The problem: Please produce an exact transcription of the lines from the one containing "Köpölyöző edény" through the last line of the entries, leaving out every picture.

◇ ◇ ◇ ◇ ◇

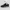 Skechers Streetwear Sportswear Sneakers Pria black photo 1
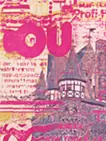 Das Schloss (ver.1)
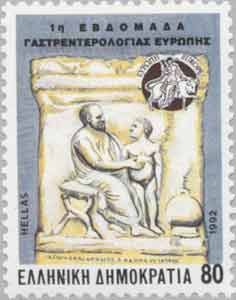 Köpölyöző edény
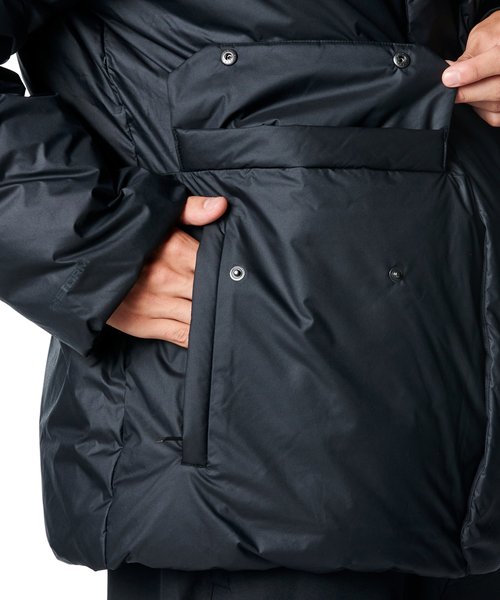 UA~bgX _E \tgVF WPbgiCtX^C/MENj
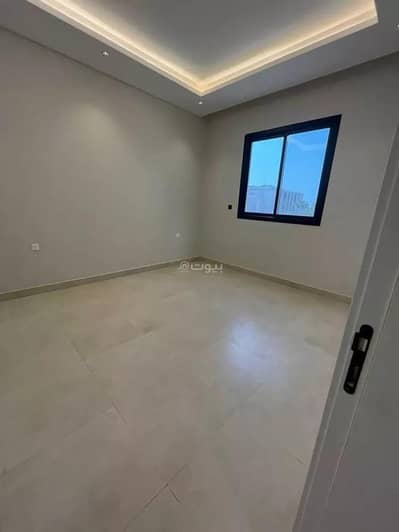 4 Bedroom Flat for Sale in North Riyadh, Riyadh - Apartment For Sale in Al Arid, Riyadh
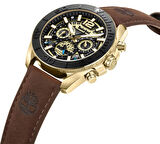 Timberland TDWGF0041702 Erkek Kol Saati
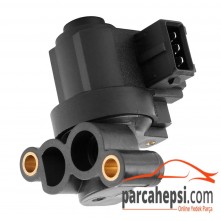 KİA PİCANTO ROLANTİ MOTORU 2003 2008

◇ ◇ ◇ ◇ ◇

Answer to this problem:
 Köpölyöző edény
 UA~bgX _E \tgVF WPbgiCtX^C/MENj
 4 Bedroom Flat for Sale in North Riyadh, Riyadh - Apartment For Sale in Al Arid, Riyadh
 Timberland TDWGF0041702 Erkek Kol Saati
 KİA PİCANTO ROLANTİ MOTORU 2003 2008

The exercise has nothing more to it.